(Beginning of Records supplied)

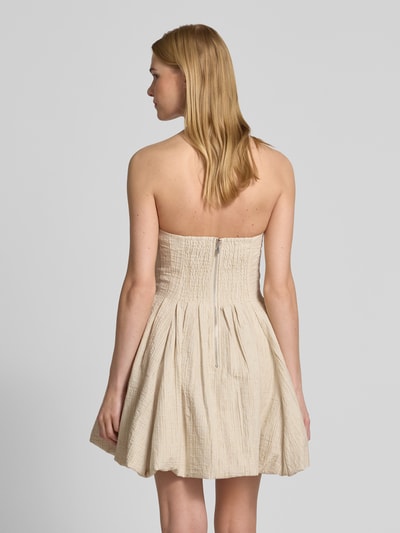 Copenhagen Muse Minikleid aus Leinen-Baumwoll-Mix Modell 'BRINDA' Offwhite 5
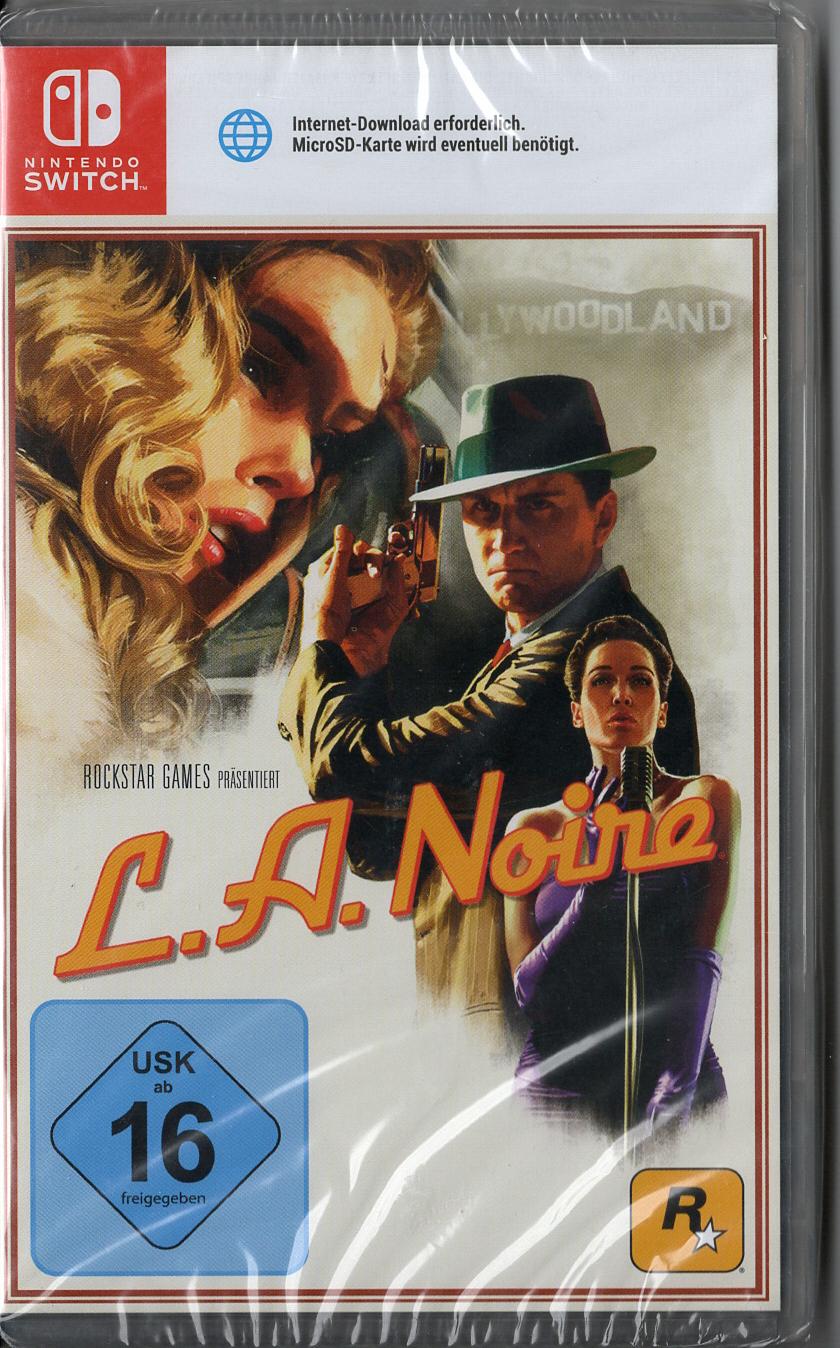 L.A. Noire - Nintendo Switch - Neu Vorderseite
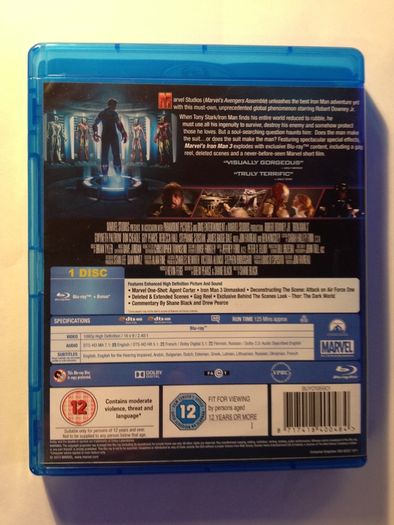 Iron Man Trilogy (Marvel) Robert Downey Jr. [3xBlu-ray Movies]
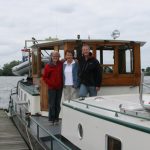 Im Hafen von Boxmeer treffen wir Will van Sambeek mit ihrer Tochter Ingrid. Nach ihr ist die gleichnamige Schleuse benannt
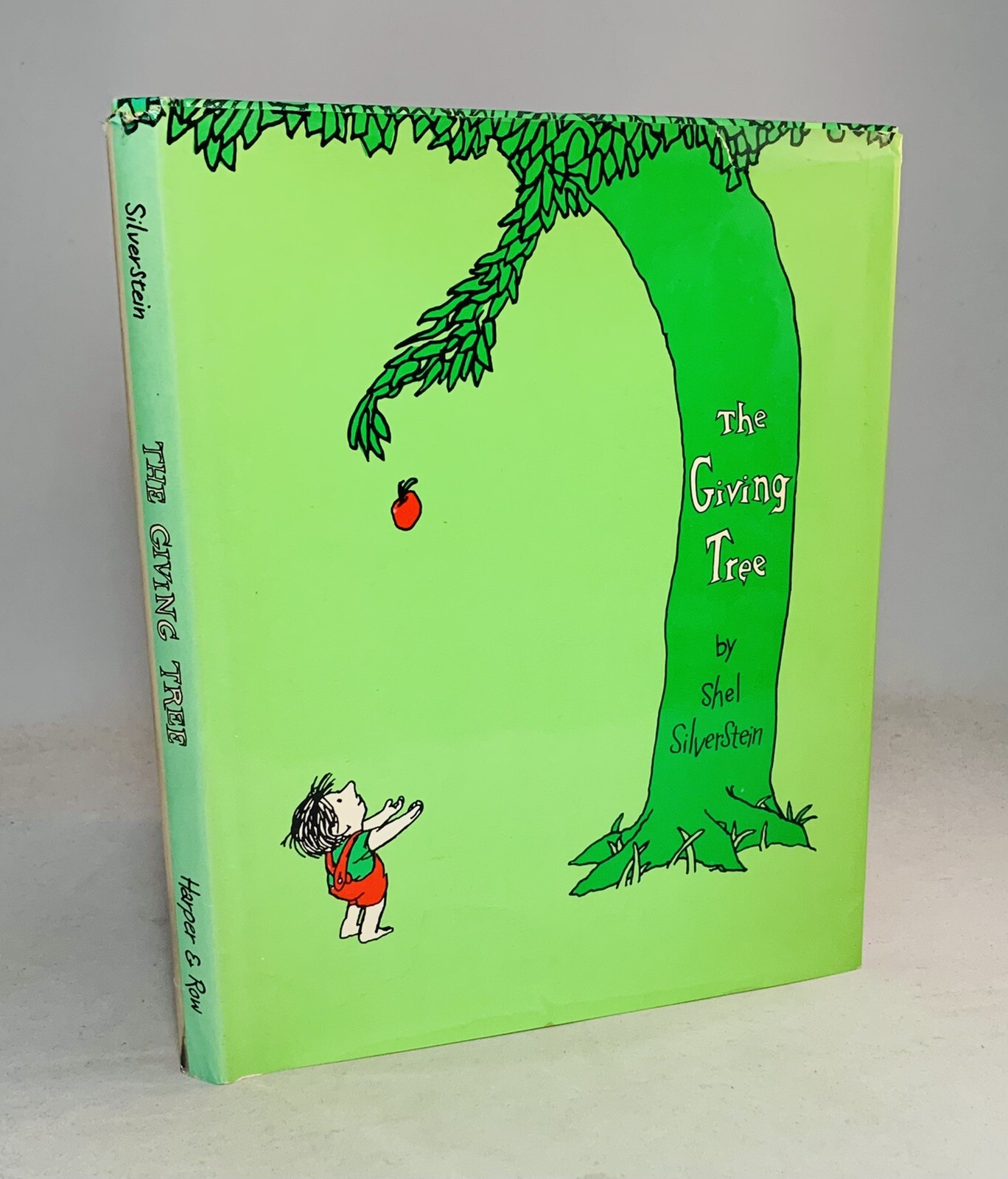 The Giving Tree-Shel Silverstein-RARE Early Printing!!-Early DJ w/ $3.95-1964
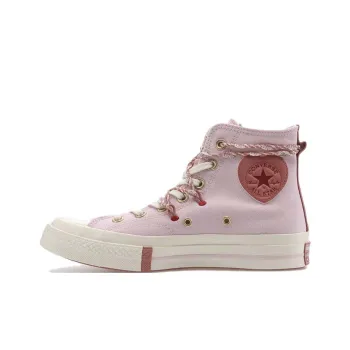 Converse CHUCK TAYLOR Anti Slip Wear Resistant High Top Canvas Shoes Unisex Pink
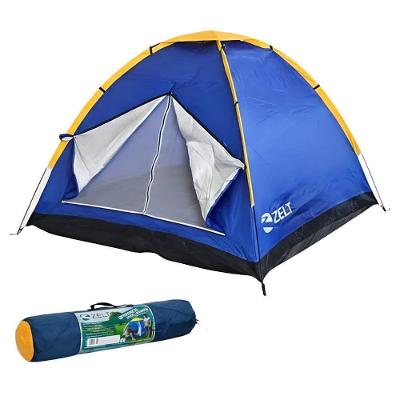 Barraca Iglu Camping Até 4 Pessoas 2,10m Prova D'agua Fps100 Azul Zelt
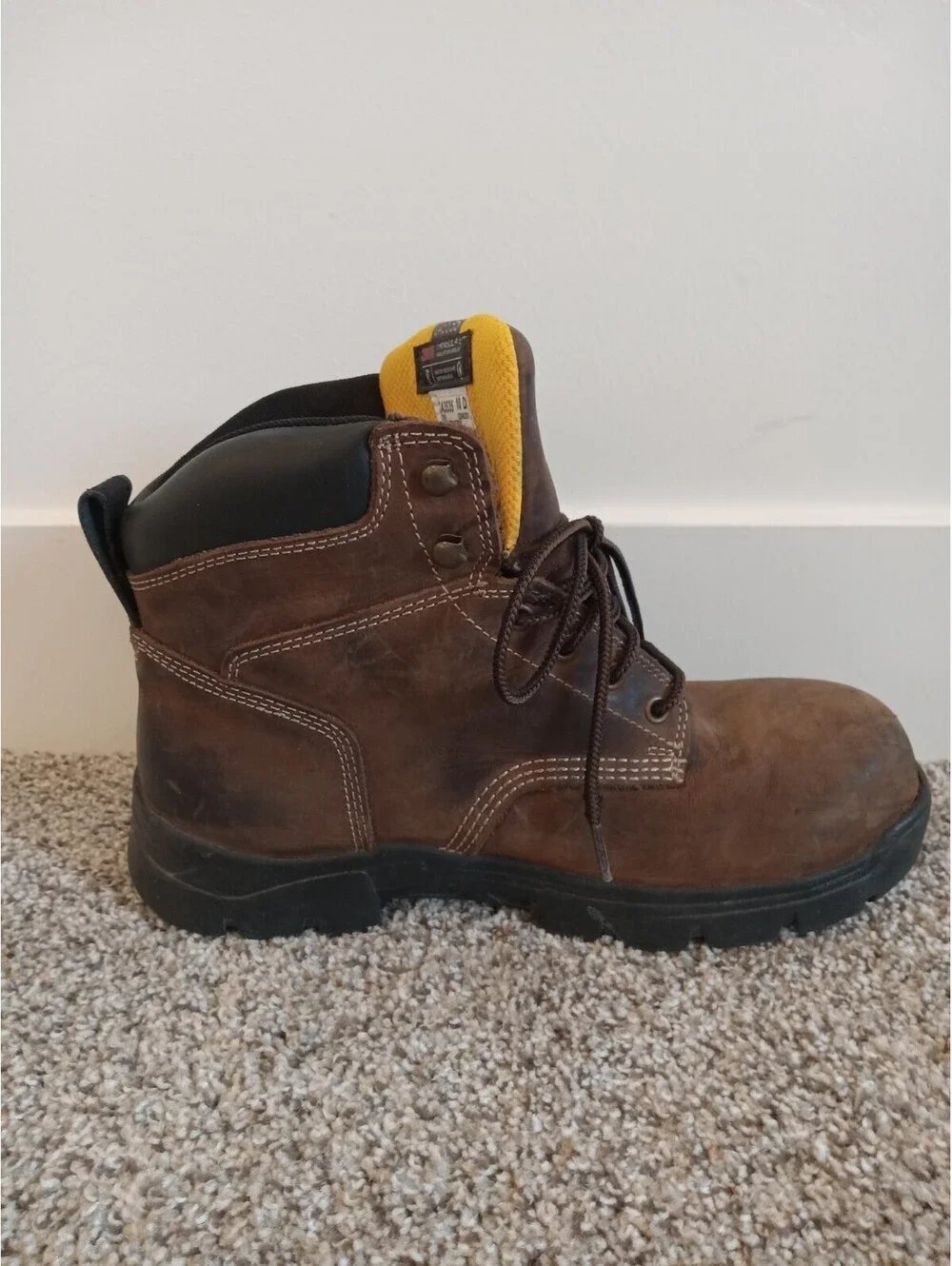 Carolina Circuit 6 Waterproof Composite Toe Boots Mens Size 10 D Brown Leather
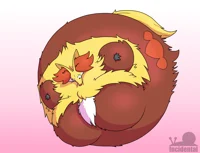 Inflated Delphox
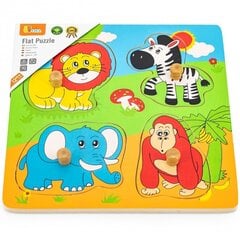 Koka puzles ZOO dzīvnieki ,,Viga Toys" cena un informācija | Attīstošās rotaļlietas | 220.lv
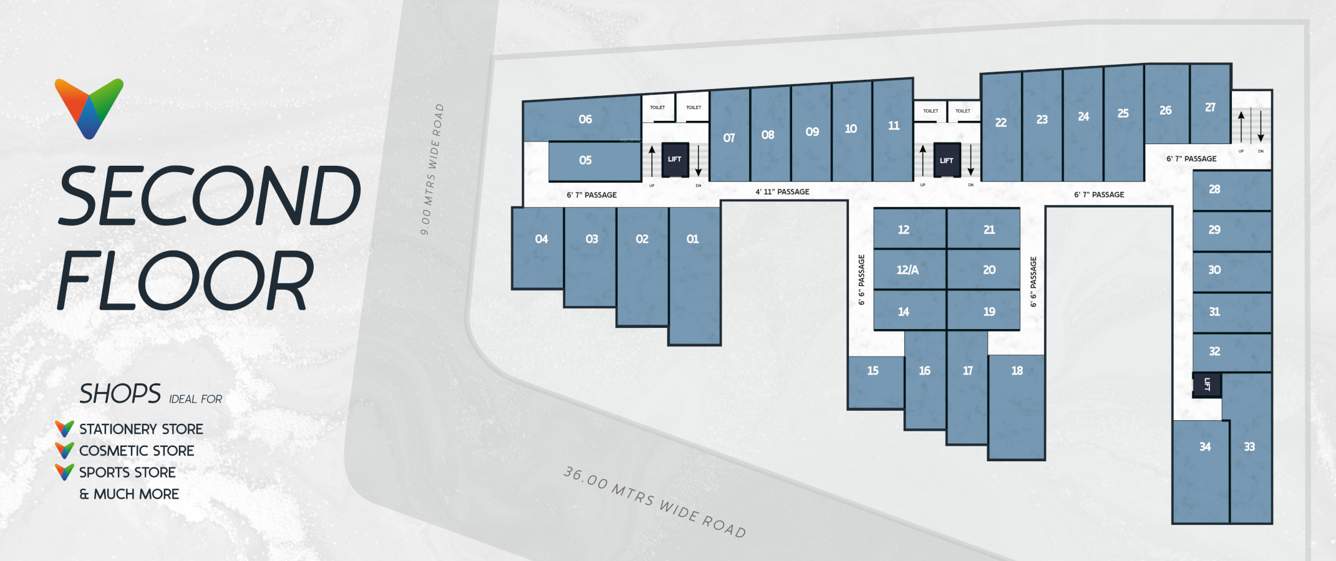  vinaaya hub Vinaaya Hub Cluster Plan for 2nd Floor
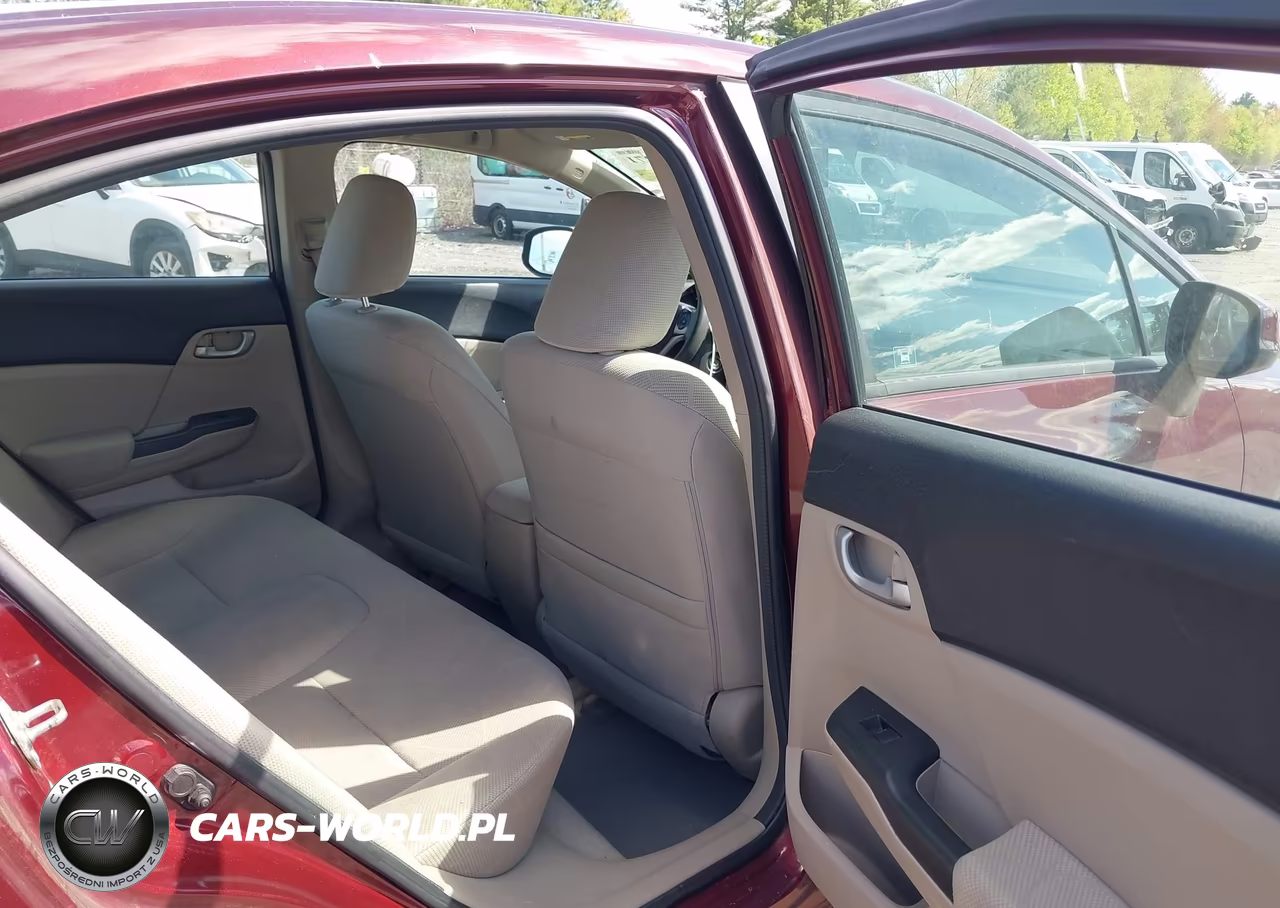 2012 Honda Civic Lx VIN:2HGFB2F55CH582682 - 8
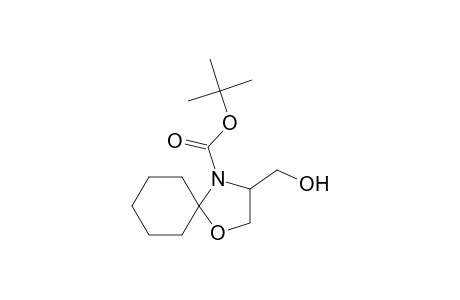 1-Oxa-4-azaspiro[4.5]decane-4-carboxylic acid, 3-hydroxymethyl-, t-butyl ester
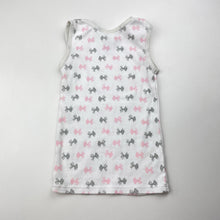 Load image into Gallery viewer, Girls Target, cotton singlet top, bows, GUC, size 00,  
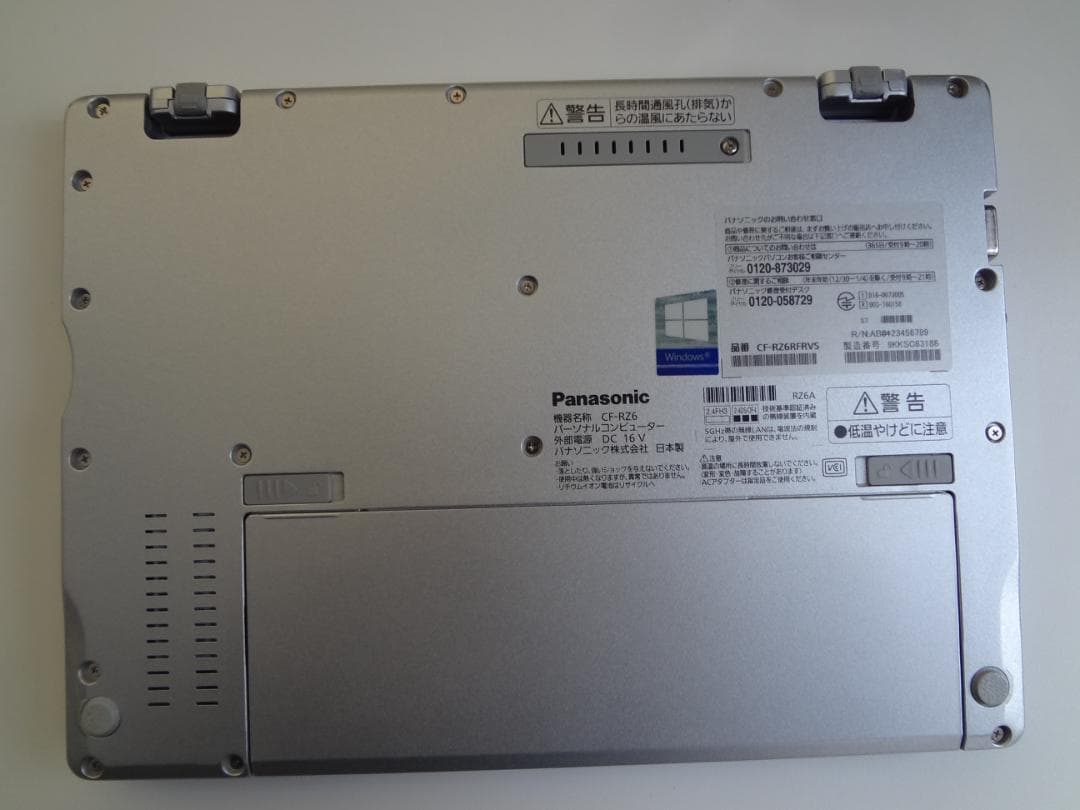 Let's note CF-RZ6 10インチ 高解像度 SSD128 MEM8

(End of Records supplied)

Required work
Give back exactly the lines from the one containing "Load image into" to the final line of the entries, both included, and no picture.

Result below
 Load image into Gallery viewer, Girls Target, cotton singlet top, bows, GUC, size 00,  
 Let's note CF-RZ6 10インチ 高解像度 SSD128 MEM8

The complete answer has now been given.